Aside from just testing the migration plan and working through the timing and unforeseen issues you should plan for end user acceptance testing. Here are things end user acceptance testing can help with:

  • Once the SQL server has been migrated, do the applications still work correctly?
  • Did you have trouble changing DNS or connection strings?
  • Did you forget about a server that was part of the application that needed to be changed?
  • Were any settings on the SQL Server that affect the application missed?
    • For me I missed setting trace flags in SQL on the target SQL server.
    • I also missed static ports that were set on the source SQL server for the named instances.
    • These are things I know should be done but when juggling moving parts, they can get dropped and the testing phase is the appropriate time to catch them.
  • Is all functionality of the application still working when using the target SQL server?
  • Is your testing plan comprehensive of all the components affected by the migration?

If you have a test environment for your application, then test phase can also be used to migrate the test environment permanently to the target SQL Server(s). If you do not have a test environment, then this is a good time to consider implementing one. If you are unable to implement a test environment, then use the production target SQL Server for your test migration and consider it a dress-rehearsal for the final production migration.

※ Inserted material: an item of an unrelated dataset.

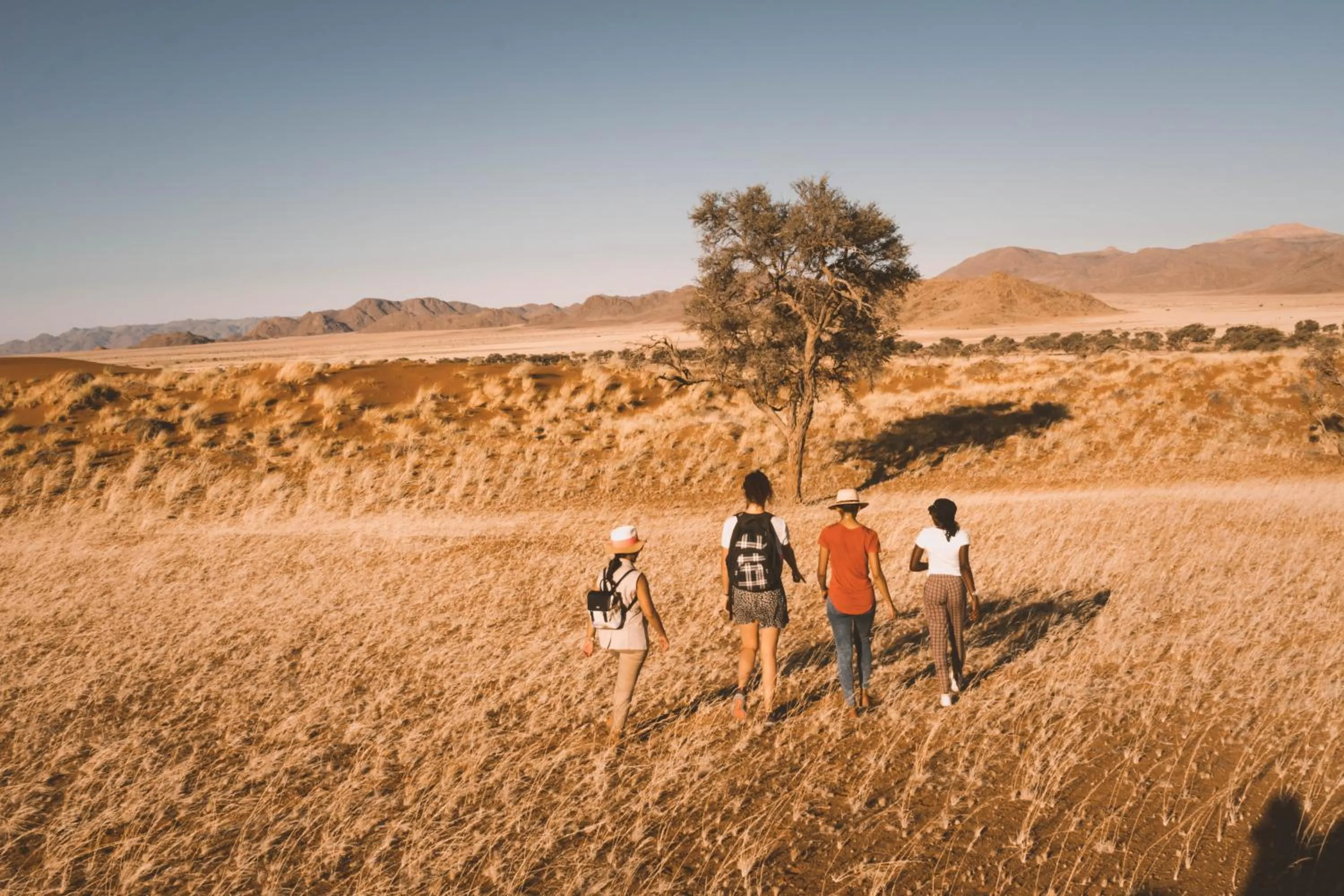 Activities in Gondwana Namib Desert Lodge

Once you have reviewed, prepared, and tested your migration then it is time to migrate. You should have a solid idea of how long you will need for downtime and how long it will take to test the new environment. Plan for rollback to the source environment in the event of unforeseen issues:

  • If issues come up during migration or testing, then determine the window of time allowed to resolve those issues before rolling back to the source environment. If you cannot be down for more than X hours and the testing has not been completed by that time you need a plan to get the source environment back online to maintain business continuity.
  • When planning for rollback, define steps that are go/no go for rollback. If you reach a point where it is more beneficial to resolve issues than roll back or where live data is being inserted into the target databases, then you can define a point where rollback is no longer an option.
    • You can mandate that all parties involved in the migration give consent to proceed past a point where rollback is no longer an option.

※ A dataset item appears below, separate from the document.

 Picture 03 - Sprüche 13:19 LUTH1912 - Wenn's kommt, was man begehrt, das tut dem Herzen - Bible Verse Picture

Define and agree on success criteria for the migration. Success criteria will help define when a migration is considered successful. If this is defined ahead of the migration and is acceptable to all parties involved, when the criteria are all met you can send out communication calling the migration a success. This will help with future communication claiming the migration was a failure or the project stretching out for weeks and having to discuss whether an issue is a “migration” issue or a normal operating issue. Examples of success criteria can be:

  • End user acceptance testing is completed with all tests passed.
  • Applications Y and Z come online.
  • If application X is not online, it will not affect the success of the migration.
  • SSIS packages run successfully.
  • Reports and schedules run successfully.
  • 48 hours of production run time will determine a successful migration regardless of new issues.
  • Issues opened during the first 24 hours of production run time need to be resolved to determine a successful migration.

A SQL Server migration is fundamentally the same as any system migration. You may have some considerations which are specific to SQL server but overall, the phases of the migration will be the same. If you properly follow the four phases of Review, Prepare, Test, and Migrate then you will not just have a successful migration of your SQL Server, you will have a successful migration of your SQL Server in the eyes of your client or manager.